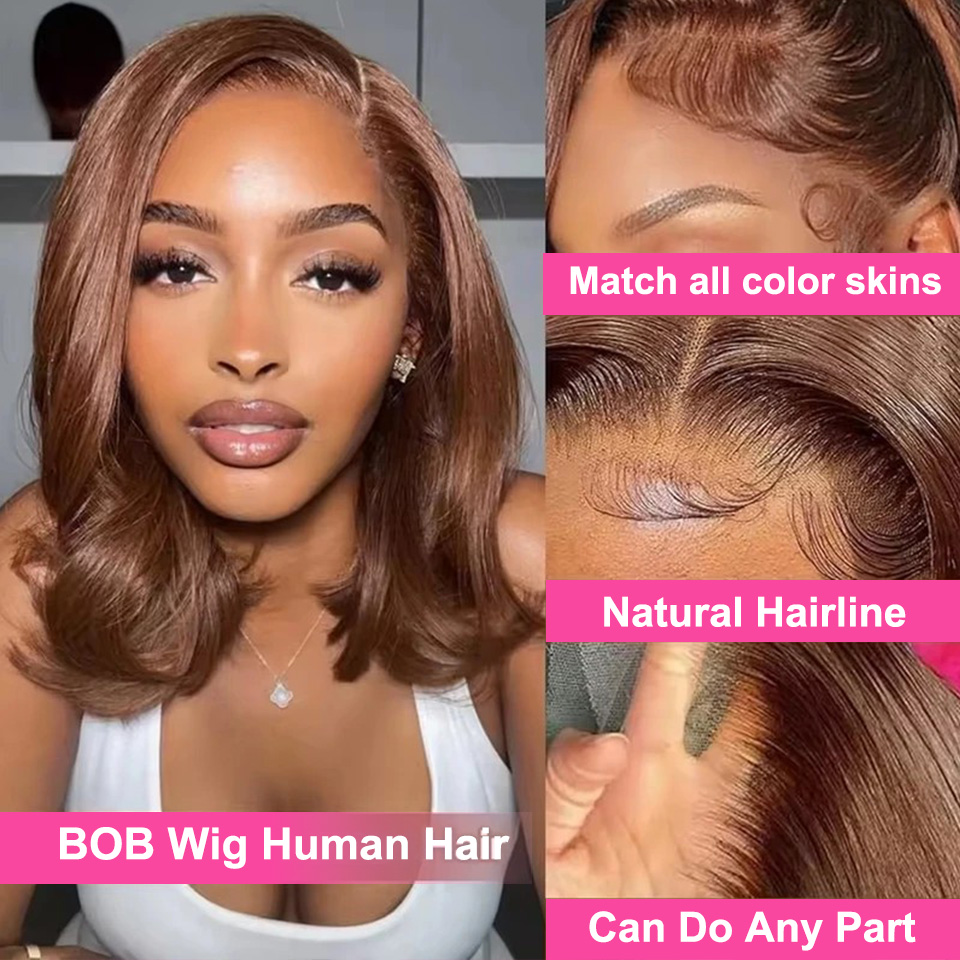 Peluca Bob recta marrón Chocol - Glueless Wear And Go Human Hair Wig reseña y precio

...

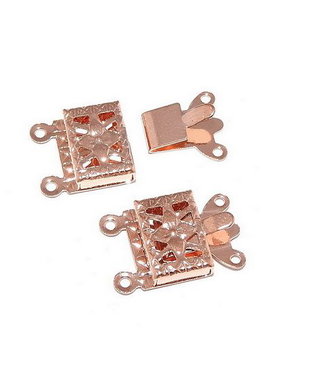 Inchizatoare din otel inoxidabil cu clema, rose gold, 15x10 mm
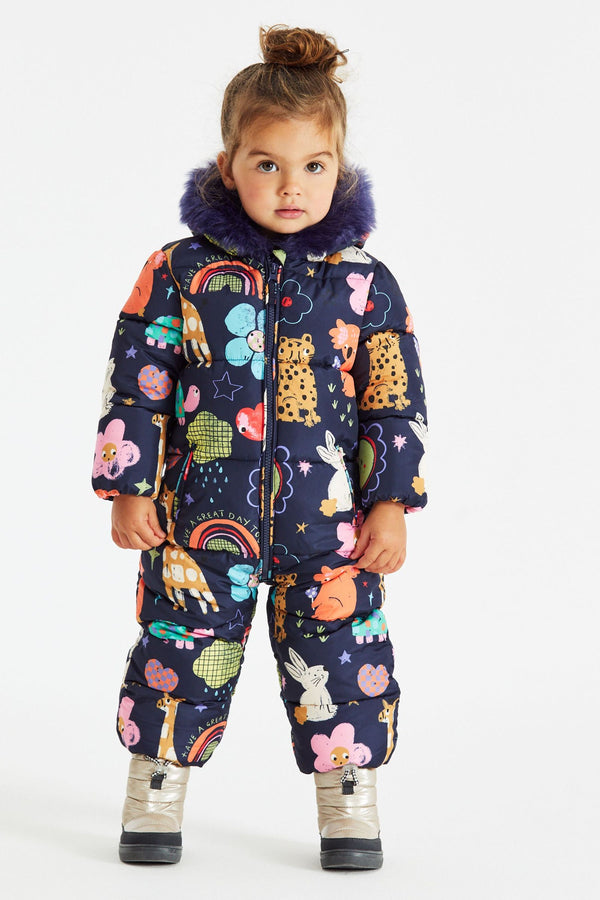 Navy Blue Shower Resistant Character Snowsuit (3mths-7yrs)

...

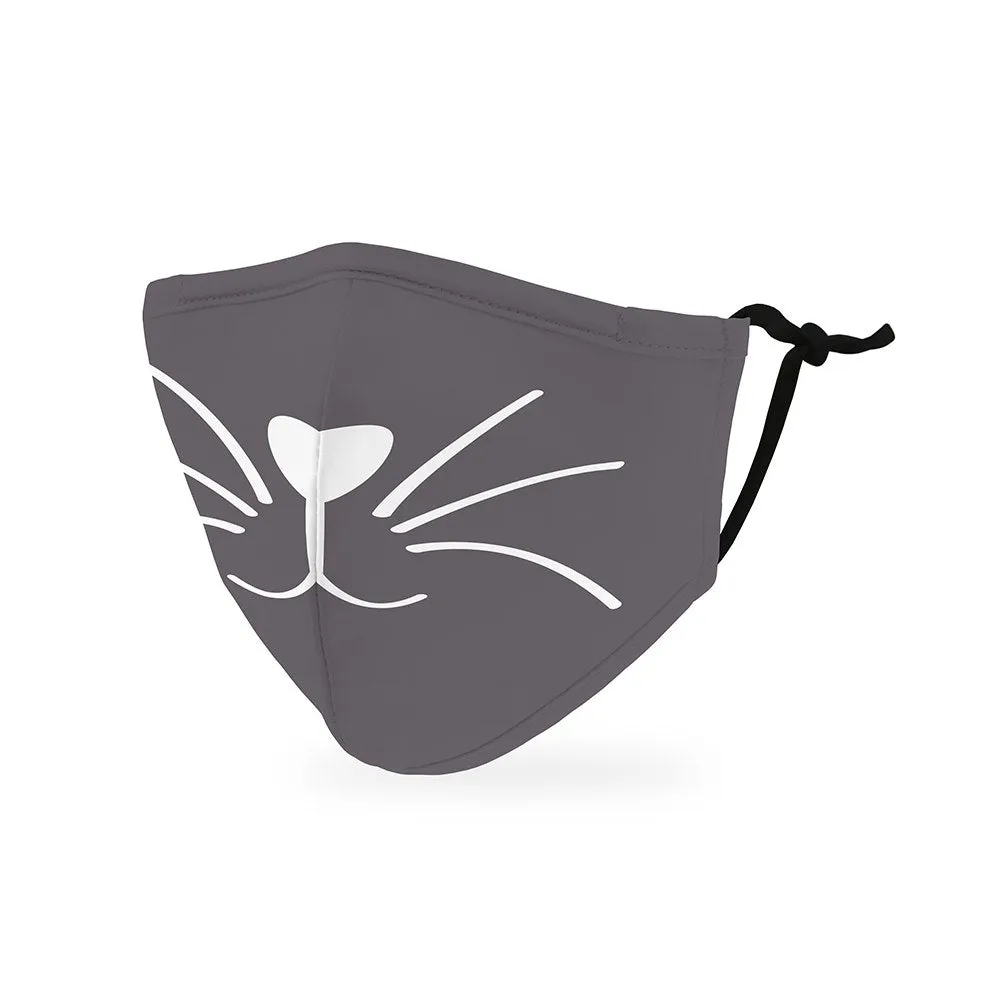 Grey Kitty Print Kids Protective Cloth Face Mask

- [Exercise brief] Write out, word for word, the stretch of entries that begins at the line with "Inchizatoare din otel" and ends at the line with "Navy Blue Shower". Pictures do not belong in it.

- [Exercise answer]
 Inchizatoare din otel inoxidabil cu clema, rose gold, 15x10 mm
 Navy Blue Shower Resistant Character Snowsuit (3mths-7yrs)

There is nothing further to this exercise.